INFORMATION SHOWN -
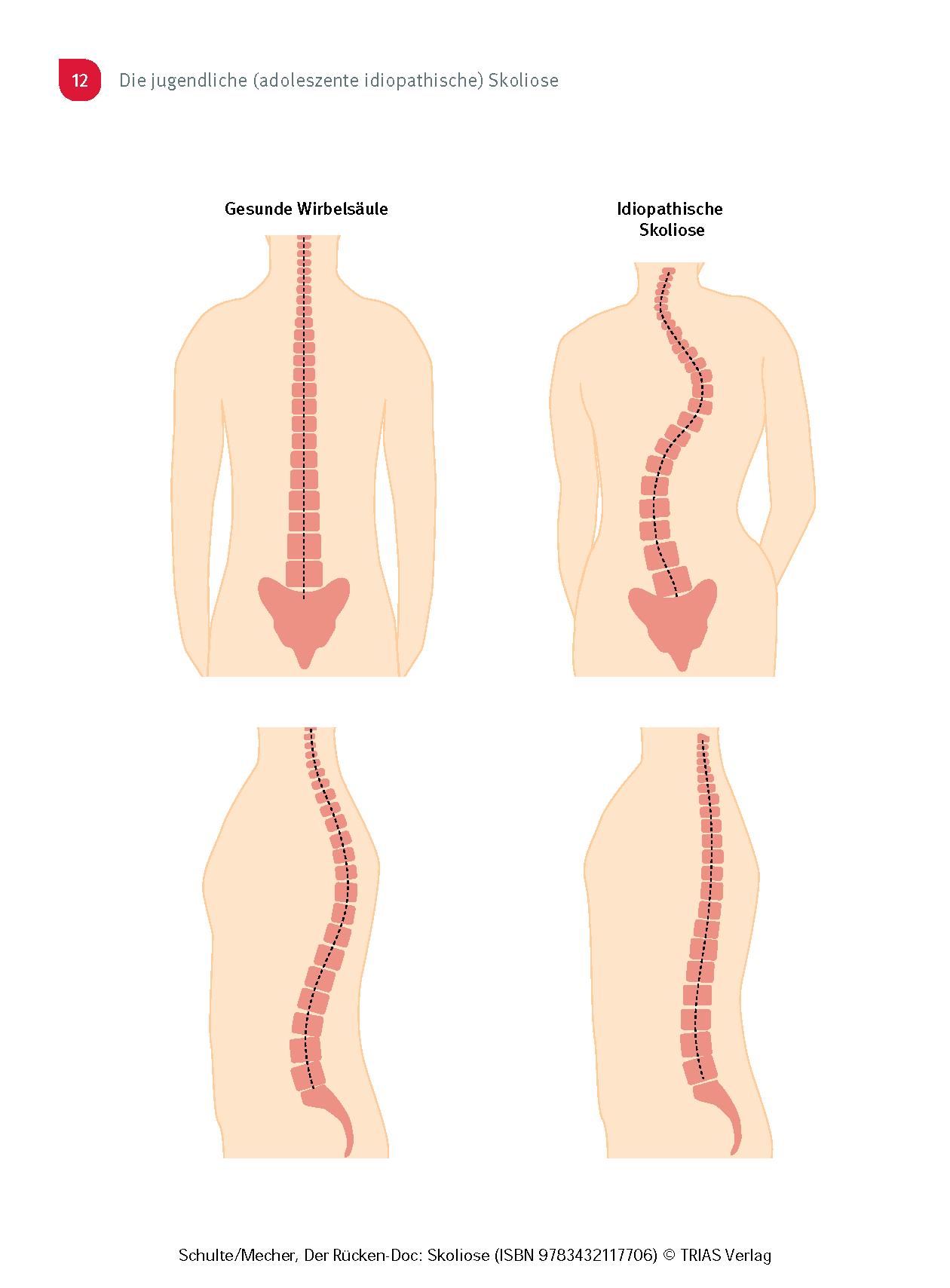 Der Rücken-Doc: Skoliose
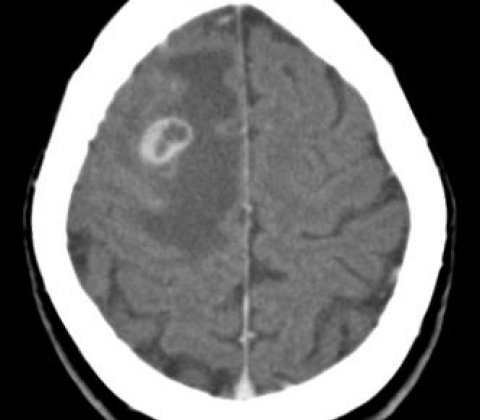 Parenchymal Neurocysticercosis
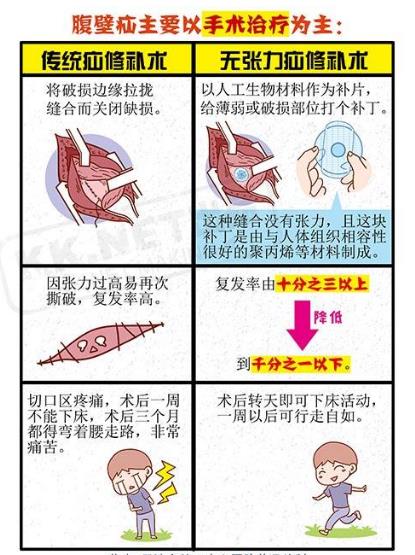 老年腹股沟疝气保守治疗有效方法,疝气中医治疗怎么锻炼有助于恢复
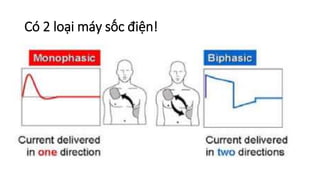 Có 2 loại máy sốc điện!
 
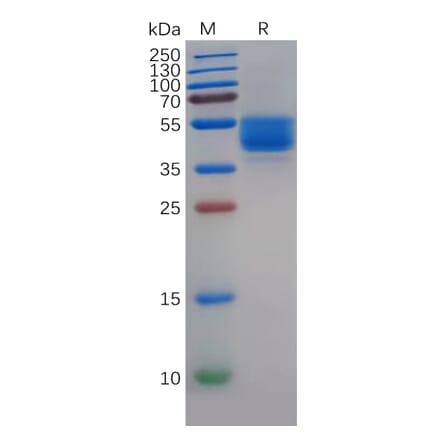 SDS-PAGE - Recombinant Human P Glycoprotein Protein (Fc Tag) (A318140) - Antibodies.com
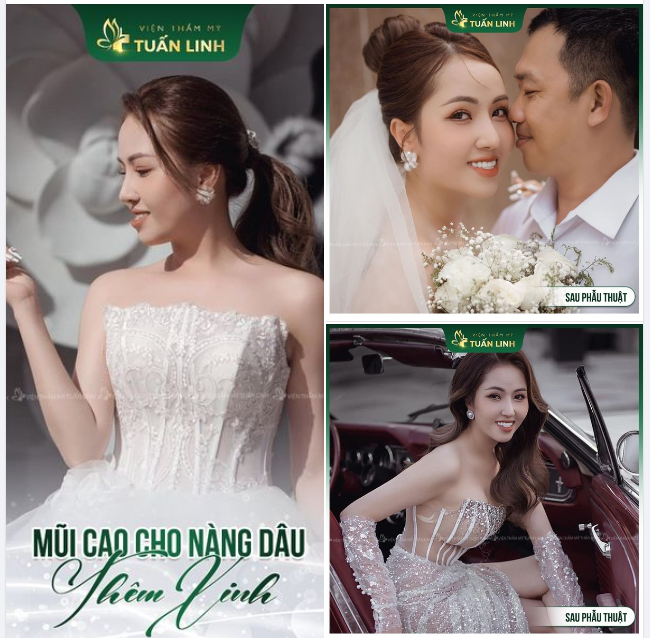 Chọn nâng mũi để xinh sang trong mọi khoảnh khắc!!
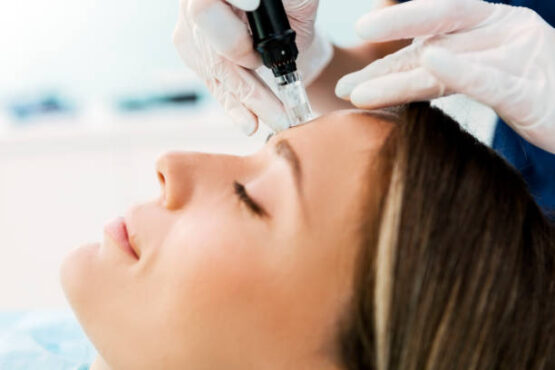 microneedling naples fl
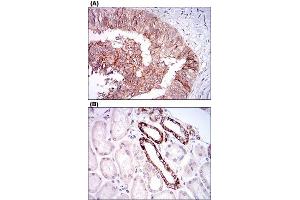 Immunohistochemical staining of human ovarian cancer tissues (A) and kidney tissues (B) with TIE1 monoclonal antibody, clone 8D12D2  at 1:200-1:1000 dilution. (TIE1 Antikörper  (AA 385-607))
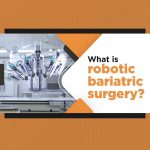 What is Robotic Bariatric Surgery 1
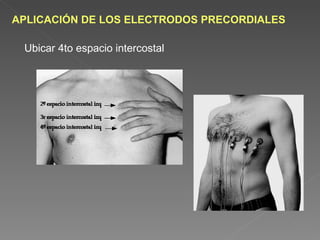 APLICACIÓN DE LOS ELECTRODOS PRECORDIALES

 Ubicar 4to espacio intercostal
 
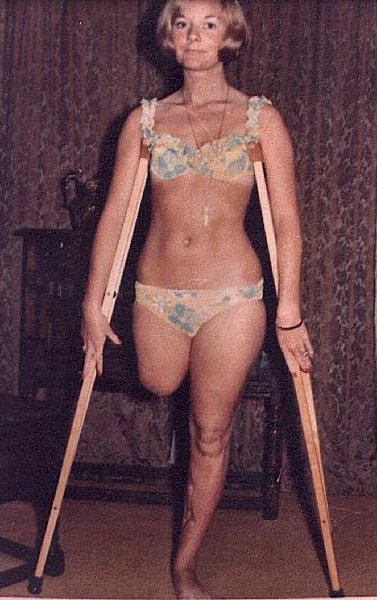 Ампути женщины в изобразительном искусстве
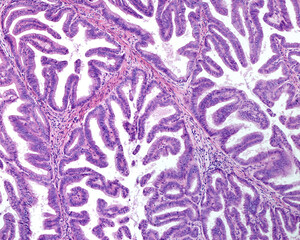 Sticker - Human uterus. Endometroid carcinoma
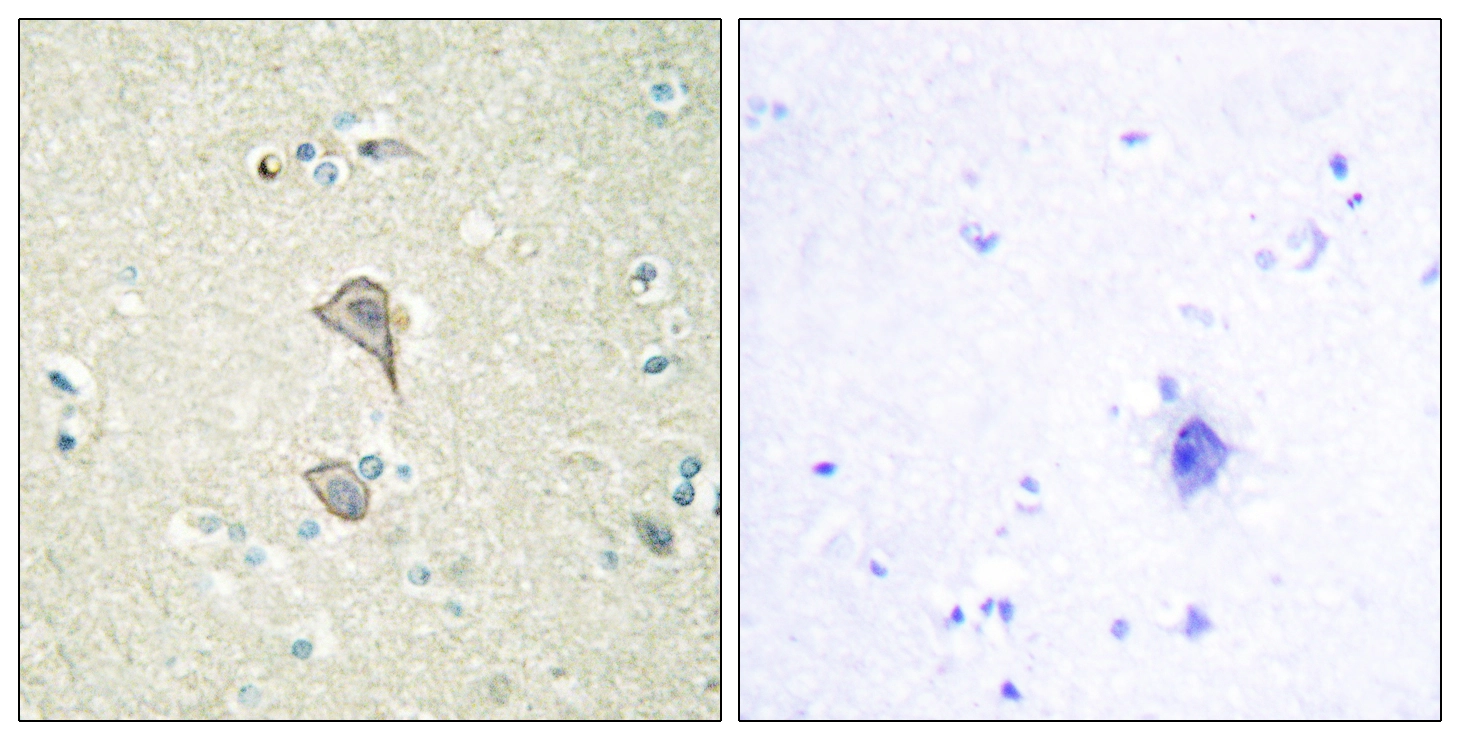 IHC-P analysis of human brain tissue using GTX87411 NKTR antibody. The picture on the right is blocked with the synthesized peptide.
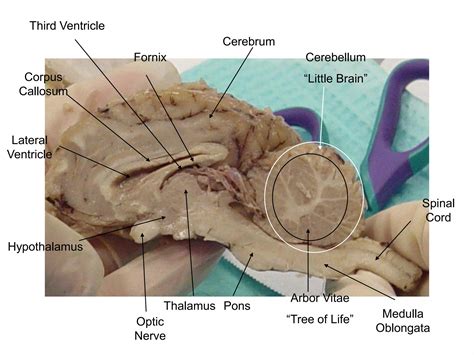 Sheep brain gross anatomy | PDF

DIRECTIONS - Using the data above, transcribe exactly the lines between those containing "What is Robotic Bariatric Surgery 1" and "IHC-P analysis of", inclusive, and leave every picture behind.

TASK OUTPUT -
 What is Robotic Bariatric Surgery 1
 APLICACIÓN DE LOS ELECTRODOS PRECORDIALES

 Ubicar 4to espacio intercostal
 
 Ампути женщины в изобразительном искусстве
 Sticker - Human uterus. Endometroid carcinoma
 IHC-P analysis of human brain tissue using GTX87411 NKTR antibody. The picture on the right is blocked with the synthesized peptide.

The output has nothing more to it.